The role of radiation therapy in pituitary tumor management depends on multiple factors including the nature of the tumor, age of the patient, and availability of surgical and radiation expertise. Because of its relatively slow onset of action, radiation therapy is usually reserved for postsurgical management. As an adjuvant to surgery, radiation is used to treat residual tumor and in an attempt to prevent regrowth. Irradiation offers the only effective means for ablating significant postoperative residual nonfunctioning tumor tissue. In contrast, PRL-, GH-, and sometimes ACTH-secreting tumor tissues are amenable to medical therapy
Side Effects In the short term, radiation may cause transient nausea and weakness. Alopecia and loss of taste and smell may be more long-lasting. Failure of pituitary hormone synthesis is common in patients who have undergone head and neck or pituitary-directed irradiation. More than 50% of patients develop loss of GH, ACTH, TSH, and/or gonadotropin secretion within 10 years, usually due to hypothalamic damage. Lifelong follow-up with testing of anterior pituitary hormone reserve is therefore necessary after radiation treatment. Optic nerve damage with impaired vision due to optic neuritis is reported in about 2% of patients who undergo pituitary irradiation. Cranial nerve damage is uncommon now that radiation doses are <2 Gy (200 rad) at any one treatment session and the maximum dose is <50 Gy (5000 rad). The use of 29 stereotactic radiotherapy may reduce damage to adjacent structures. Radiotherapy of pituitary tumors has been associated with an adverse mortality rate, mainly from cerebrovascular disease. The cumulative risk of developing a secondary tumor after conventional radiation is 1.3% after 10 years and 1.9% after 20 years.
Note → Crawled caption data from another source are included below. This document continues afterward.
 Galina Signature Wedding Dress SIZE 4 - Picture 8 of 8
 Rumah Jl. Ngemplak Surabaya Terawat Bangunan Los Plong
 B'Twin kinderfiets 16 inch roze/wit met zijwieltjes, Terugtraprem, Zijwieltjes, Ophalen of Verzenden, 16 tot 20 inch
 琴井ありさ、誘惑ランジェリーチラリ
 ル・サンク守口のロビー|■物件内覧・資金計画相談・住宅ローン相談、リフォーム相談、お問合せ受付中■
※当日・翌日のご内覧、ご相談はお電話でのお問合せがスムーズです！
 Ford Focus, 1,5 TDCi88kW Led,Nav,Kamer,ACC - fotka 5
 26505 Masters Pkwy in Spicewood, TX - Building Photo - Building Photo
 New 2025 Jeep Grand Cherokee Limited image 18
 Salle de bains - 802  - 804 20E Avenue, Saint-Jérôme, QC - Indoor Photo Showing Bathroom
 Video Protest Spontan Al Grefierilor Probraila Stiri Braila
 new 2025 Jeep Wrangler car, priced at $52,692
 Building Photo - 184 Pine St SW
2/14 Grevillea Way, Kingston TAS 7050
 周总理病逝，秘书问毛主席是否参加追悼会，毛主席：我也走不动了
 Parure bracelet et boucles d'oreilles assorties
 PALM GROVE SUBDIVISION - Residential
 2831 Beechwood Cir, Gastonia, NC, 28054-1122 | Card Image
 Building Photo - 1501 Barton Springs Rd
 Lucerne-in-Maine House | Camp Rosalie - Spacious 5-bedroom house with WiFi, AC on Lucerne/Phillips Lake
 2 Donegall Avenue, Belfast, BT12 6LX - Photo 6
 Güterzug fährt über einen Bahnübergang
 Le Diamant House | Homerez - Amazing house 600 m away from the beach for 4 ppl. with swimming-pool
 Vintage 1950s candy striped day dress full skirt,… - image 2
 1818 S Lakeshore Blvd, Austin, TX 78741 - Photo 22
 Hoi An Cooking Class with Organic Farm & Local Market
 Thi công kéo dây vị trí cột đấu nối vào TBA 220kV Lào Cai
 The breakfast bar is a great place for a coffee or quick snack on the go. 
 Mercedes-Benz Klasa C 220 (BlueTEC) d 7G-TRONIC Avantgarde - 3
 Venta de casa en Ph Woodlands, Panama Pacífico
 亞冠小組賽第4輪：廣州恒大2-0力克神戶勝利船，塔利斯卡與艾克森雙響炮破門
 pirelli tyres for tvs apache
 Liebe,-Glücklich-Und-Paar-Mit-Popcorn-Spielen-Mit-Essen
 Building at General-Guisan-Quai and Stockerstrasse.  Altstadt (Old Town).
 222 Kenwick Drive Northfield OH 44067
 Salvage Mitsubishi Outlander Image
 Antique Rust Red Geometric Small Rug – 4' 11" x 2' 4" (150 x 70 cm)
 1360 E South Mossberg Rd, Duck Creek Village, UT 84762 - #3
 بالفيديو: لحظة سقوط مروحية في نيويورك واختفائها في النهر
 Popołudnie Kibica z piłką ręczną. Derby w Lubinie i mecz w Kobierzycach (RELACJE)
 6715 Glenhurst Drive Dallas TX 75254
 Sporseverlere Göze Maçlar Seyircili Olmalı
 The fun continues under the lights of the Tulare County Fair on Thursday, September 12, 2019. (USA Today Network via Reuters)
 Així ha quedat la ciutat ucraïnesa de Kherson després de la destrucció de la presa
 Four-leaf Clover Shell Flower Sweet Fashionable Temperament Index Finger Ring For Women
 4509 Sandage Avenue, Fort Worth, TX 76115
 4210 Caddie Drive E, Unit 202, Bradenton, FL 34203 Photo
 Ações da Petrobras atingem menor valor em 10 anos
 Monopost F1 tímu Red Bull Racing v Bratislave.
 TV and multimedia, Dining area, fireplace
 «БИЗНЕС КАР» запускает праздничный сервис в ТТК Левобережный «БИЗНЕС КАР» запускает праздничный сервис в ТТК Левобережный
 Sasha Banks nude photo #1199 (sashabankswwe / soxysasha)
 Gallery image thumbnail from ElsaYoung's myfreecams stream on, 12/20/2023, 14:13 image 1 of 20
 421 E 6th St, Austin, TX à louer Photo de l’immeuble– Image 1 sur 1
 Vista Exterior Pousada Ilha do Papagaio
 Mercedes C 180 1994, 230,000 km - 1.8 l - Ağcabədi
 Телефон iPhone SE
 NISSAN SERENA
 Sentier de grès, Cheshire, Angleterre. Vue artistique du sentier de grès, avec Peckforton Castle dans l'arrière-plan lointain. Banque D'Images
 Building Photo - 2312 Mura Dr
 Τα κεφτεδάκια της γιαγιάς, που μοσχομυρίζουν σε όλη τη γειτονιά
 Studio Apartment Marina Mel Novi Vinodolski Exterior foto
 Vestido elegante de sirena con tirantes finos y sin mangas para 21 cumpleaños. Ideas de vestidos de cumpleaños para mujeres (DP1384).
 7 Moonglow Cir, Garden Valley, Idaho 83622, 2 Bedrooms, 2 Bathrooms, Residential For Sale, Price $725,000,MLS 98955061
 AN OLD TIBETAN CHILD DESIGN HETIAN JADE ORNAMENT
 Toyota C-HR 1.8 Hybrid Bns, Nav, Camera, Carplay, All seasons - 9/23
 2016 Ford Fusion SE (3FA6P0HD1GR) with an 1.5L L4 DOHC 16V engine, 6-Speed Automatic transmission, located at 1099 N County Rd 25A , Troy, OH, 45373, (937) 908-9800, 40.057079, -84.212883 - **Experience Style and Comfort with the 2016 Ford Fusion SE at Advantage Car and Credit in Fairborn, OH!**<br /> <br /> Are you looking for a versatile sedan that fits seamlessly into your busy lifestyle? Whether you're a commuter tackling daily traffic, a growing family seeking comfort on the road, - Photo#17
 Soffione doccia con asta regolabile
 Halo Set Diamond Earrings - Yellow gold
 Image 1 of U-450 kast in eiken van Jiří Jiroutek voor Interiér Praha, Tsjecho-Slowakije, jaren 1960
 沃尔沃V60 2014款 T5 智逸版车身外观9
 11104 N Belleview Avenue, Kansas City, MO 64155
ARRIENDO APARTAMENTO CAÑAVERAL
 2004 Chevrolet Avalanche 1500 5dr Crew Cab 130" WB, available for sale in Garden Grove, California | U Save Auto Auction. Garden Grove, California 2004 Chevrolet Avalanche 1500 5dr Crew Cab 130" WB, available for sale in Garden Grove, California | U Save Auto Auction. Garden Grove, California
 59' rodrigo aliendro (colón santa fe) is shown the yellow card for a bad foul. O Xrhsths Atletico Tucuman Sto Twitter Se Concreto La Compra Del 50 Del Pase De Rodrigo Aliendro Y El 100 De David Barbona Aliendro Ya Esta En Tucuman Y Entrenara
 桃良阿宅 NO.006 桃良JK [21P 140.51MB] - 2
MEDICAL Medical therapy for pituitary tumors is highly specific and depends on tumor type. For prolactinomas, dopamine agonists are the treatment of choice. For acromegaly and TSH-secreting tumors, somatostatin analogues and, occasionally, dopamine agonists are indicated. ACTH-secreting tumors and nonfunctioning tumors are generally not responsive to medications and require surgery and/or irradiation.